異世界で、なんちゃって王宮ナースになりました。
「前に死んだからって償うことはできない、楽になりたいだけだ。償うというのは生きて責任を取ることだと言った人がいた」

 それって……。

 脳裏に呼び起こされるのは『死んだからって償うことはできません。ダガロフさんは楽になりたいだけです。償うというのは生きて責任を取ることを言うんですよ』という私がダガロフさんに放った言葉だ。

 一言一句違えずに覚えていた彼に驚いていると、シェイドは意味深に見つめてきた。熱烈な眼差しに胸が高鳴るのを感じ、ゴクリと唾を飲み込む。

 シェイドはフッと笑って視線を兵に戻した。

「俺も同感だ。もし罰してほしいというのなら、その命を祖国のために使え」

「シェイド王子……私たちは共に戦ってもいいのでしょうか」 

 兵らの瞳に映り込む惑いを一掃するようにシェイドは間を空けずに言葉を重ねる。

「もし、お前たちが俺に義があると思うのなら共に来い」

 強い意志の宿るひと言が兵たちに浴びせられる。凛然な佇まいもその瞳の聡明さも纏う気高さもその場にいた人間を圧倒する。これこそ王の器だと納得させられるものがあった。

 エヴィテオールの兵は続々と頭を下げ、涙している者までいる。和やかな空気が流れる中、背後で舌打ちが聞こえた。

「いつから、そんな甘ちゃんになったんだよ」

 腕組をしたエドモンド軍事司令官が呆れ顔でシェイドを見下ろした。普通の人間なら竦みあがってしまいそうな眼光の鋭い彼の視線を受けても、シェイドは平然と言い返す。 

「体裁のいい言葉も真実だと教えてくれた人がいたから、俺も信じてみようと思ったんだ」 

「それがそこの女か。ったく、腹黒さが薄まって逆に気色悪いぞ」

 ちらりとエドモンド軍事司令官に横目に見られ、緊張を強いられる。居心地の悪さから気を紛らすように手当に集中した。

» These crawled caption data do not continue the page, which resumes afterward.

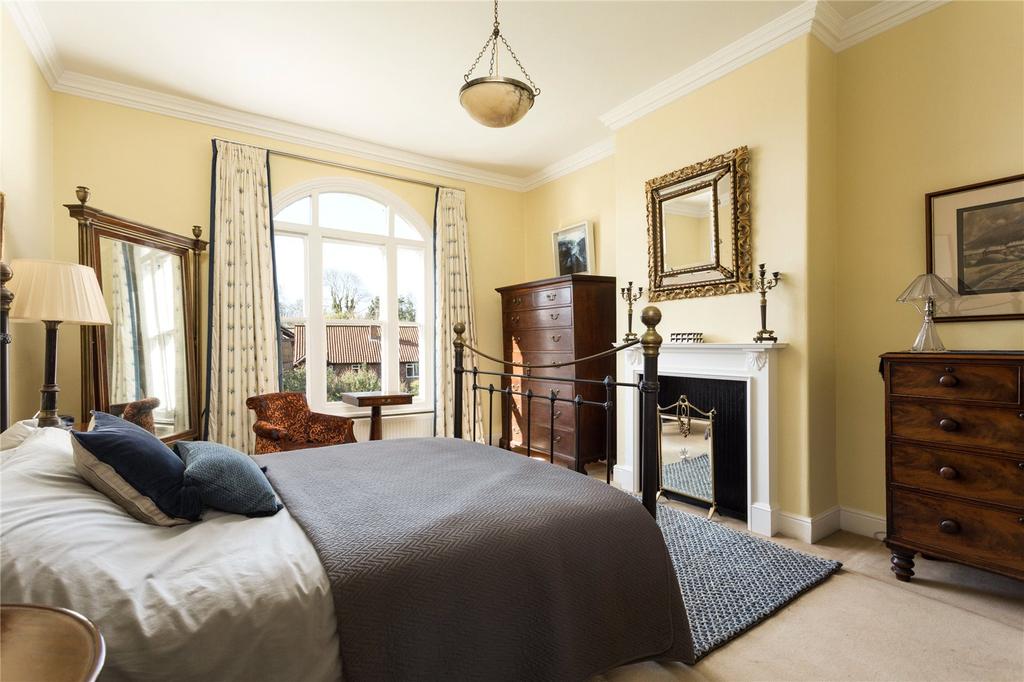 Principal Bedroom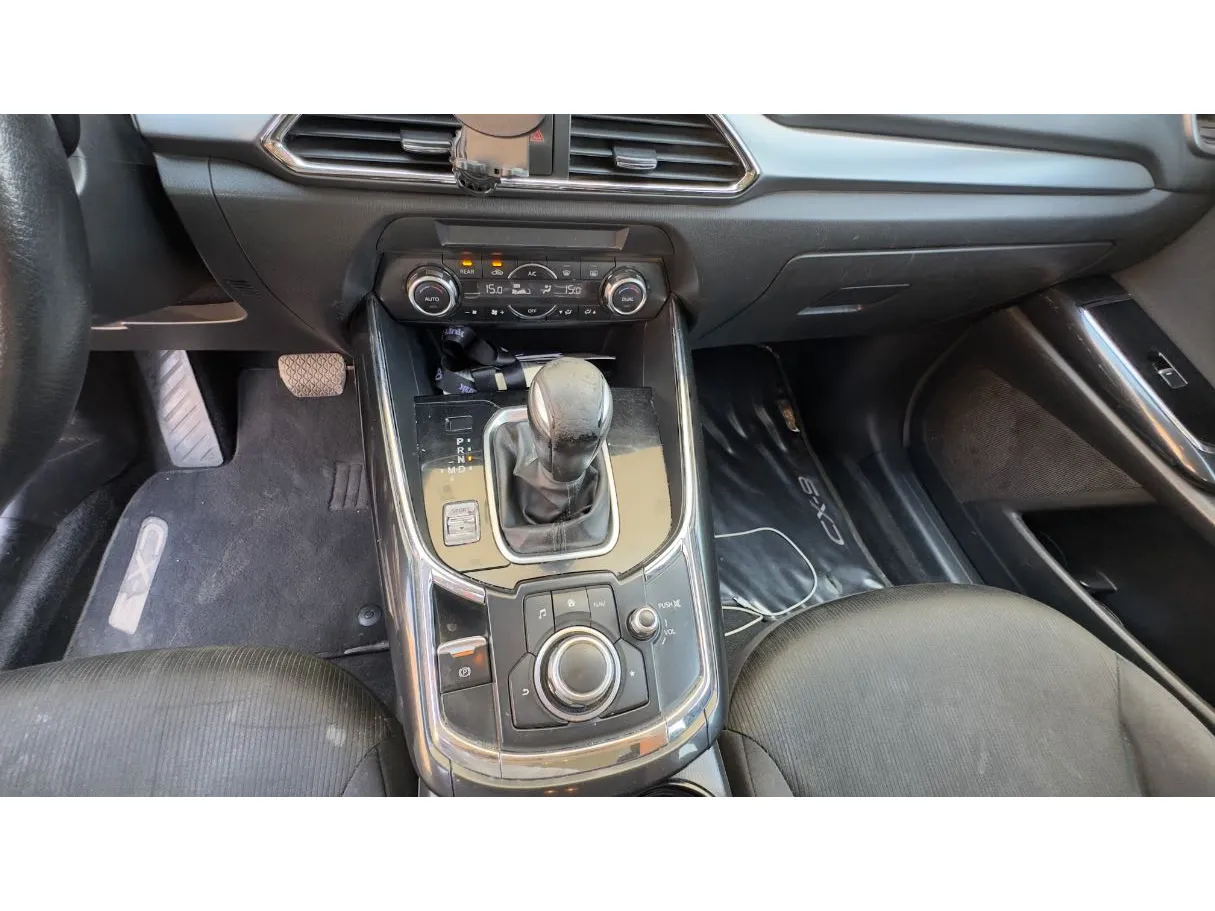 Car image 13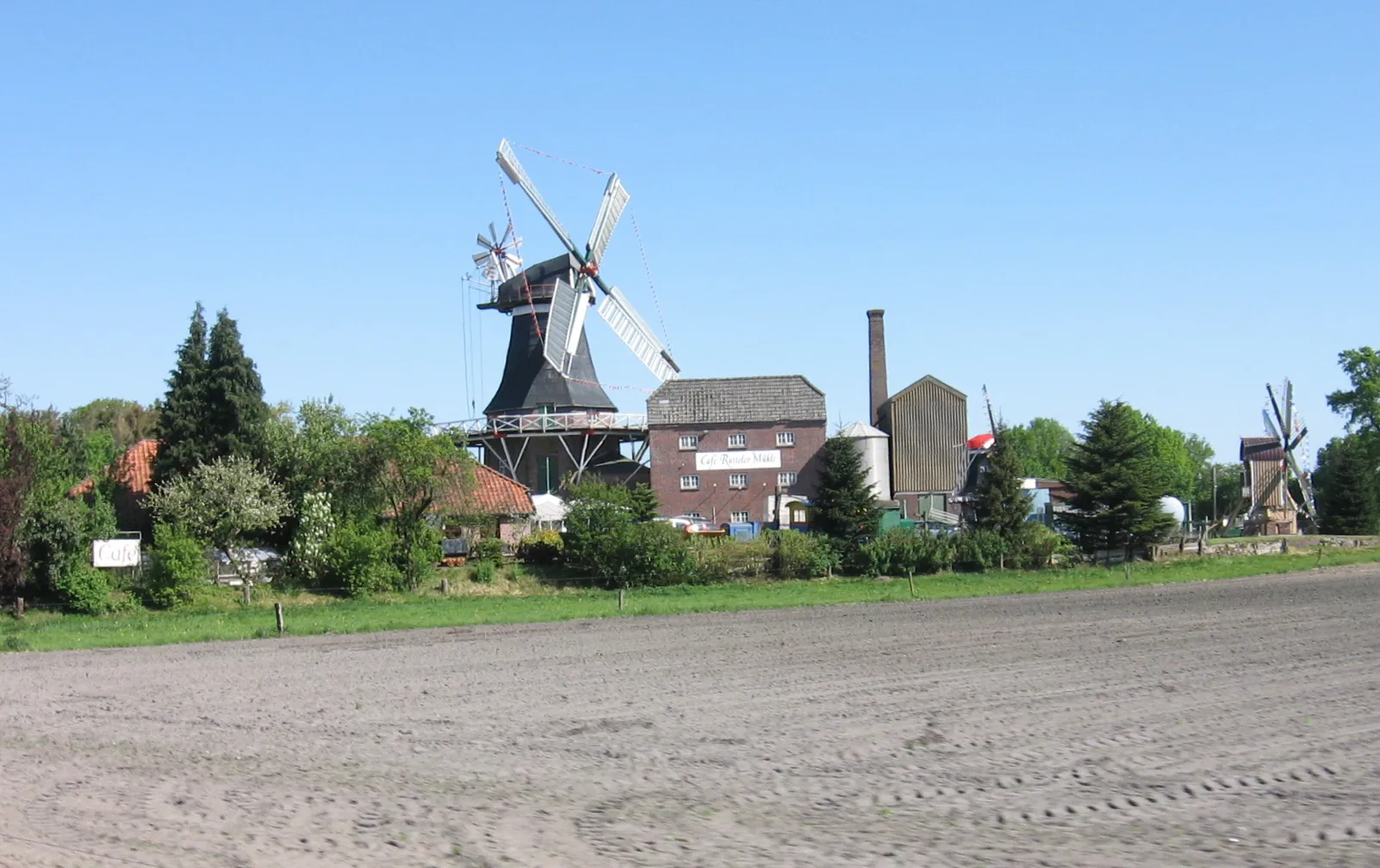 Photo showing: Blick auf die Rutteler Mühle in Zetel.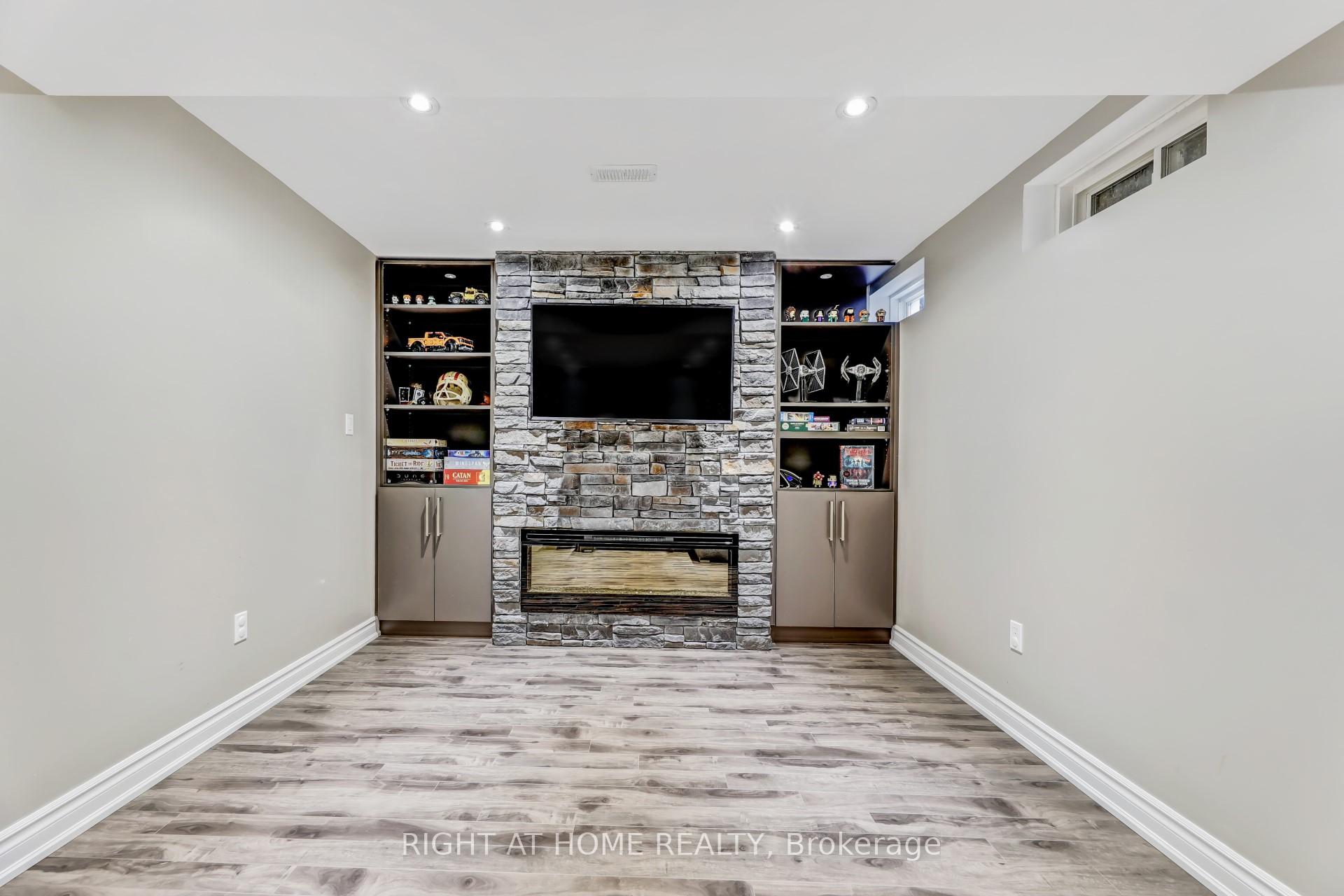 Photo 26 of 260 Tom Taylor Crescent, Newmarket, Summerhill Estates — HOMEH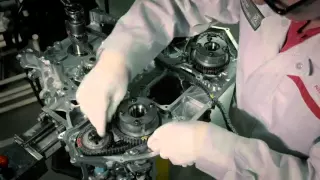 Ручная сборка двигателя Nissan GT-R R35 видео с производства ниссан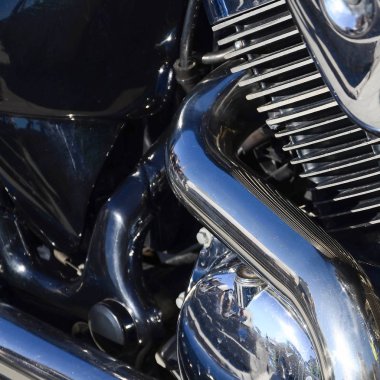 Eski klasik motosiklet krom parlak gövde bölümü bir parçası kadar kapatın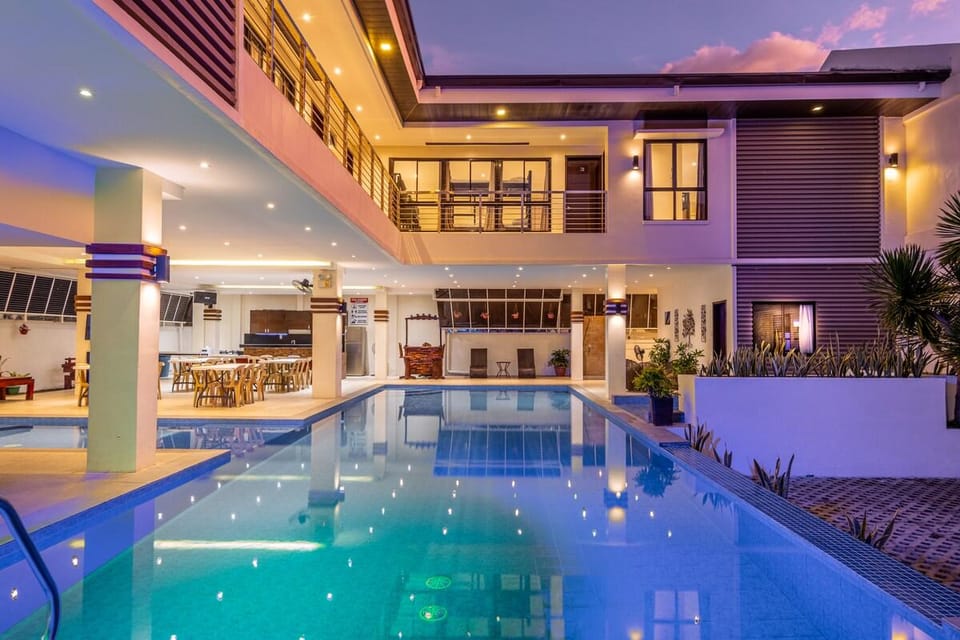 Casa Gerardo Private Resort - Natural Hot Spring Villa in Calamba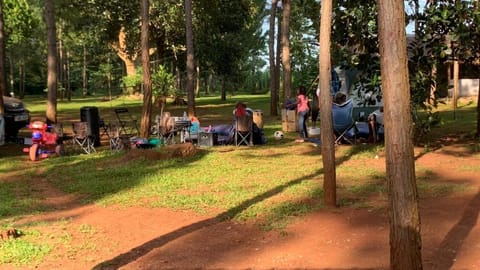 BN Private Beach Campingplatz /
Wohnmobil-Resort in Uganda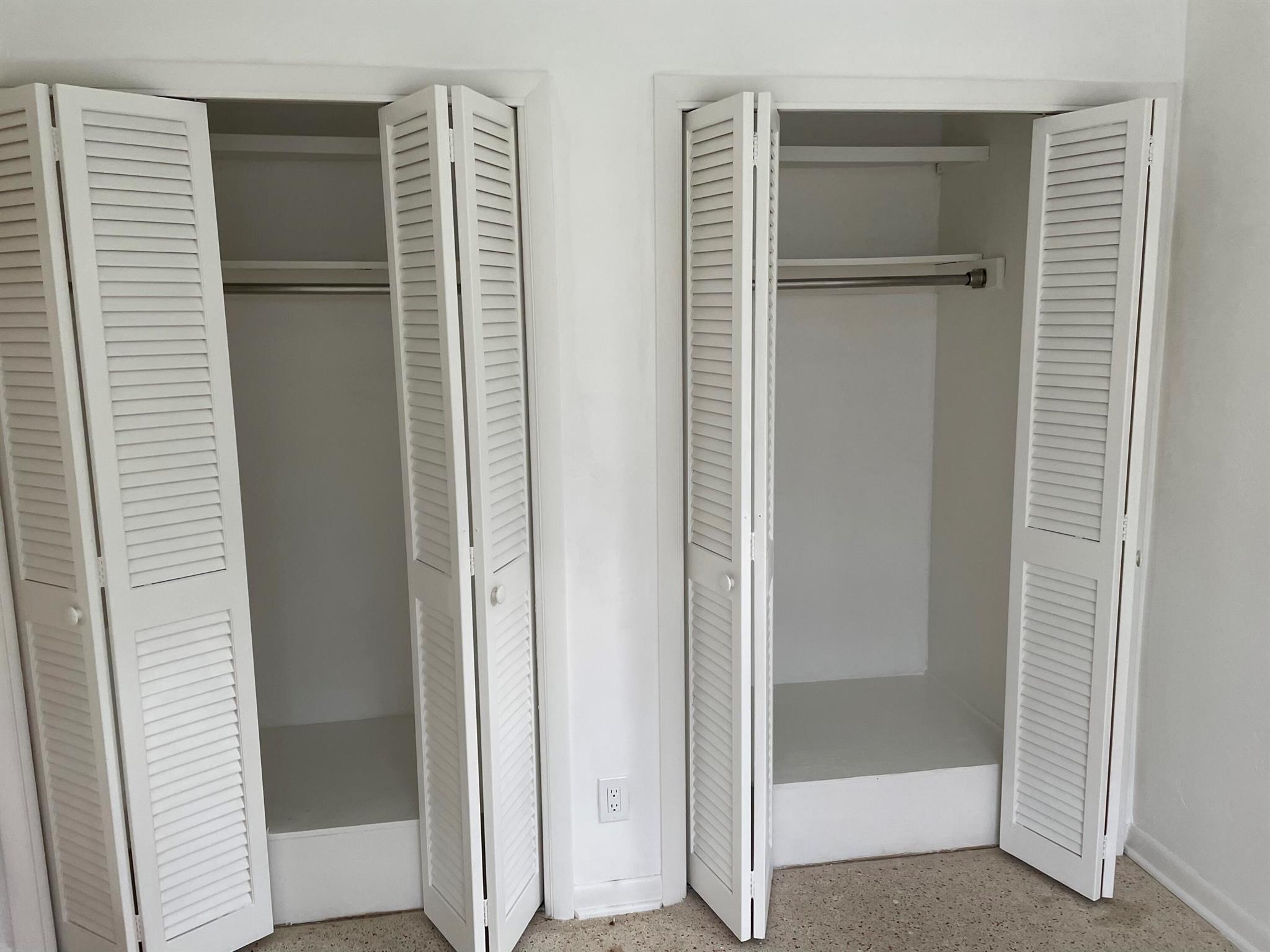 1406 Hillcrest Drive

 しかし、ふたりはお構いなしに私の背後で談義を始めてしまう。

「エドモンド、彼女を怖がらせないでくれないか。先の剣を向けた件も俺は心底腹が立ってるんだが」

「あ? 対峙した感じ、この女はそんな権力者を前にしても動じないように見えたぞ。過保護がすぎるんだよ、うつけ王子が」

 エドモンド軍事司令官はシルヴィ治療師長の上をいく口の悪さだ。もはや毒舌を通り越して罵倒の嵐である。

 そして彼を相手にしているシェイドも冷笑を顔に張り付けて、容赦ない舌鋒をふるう。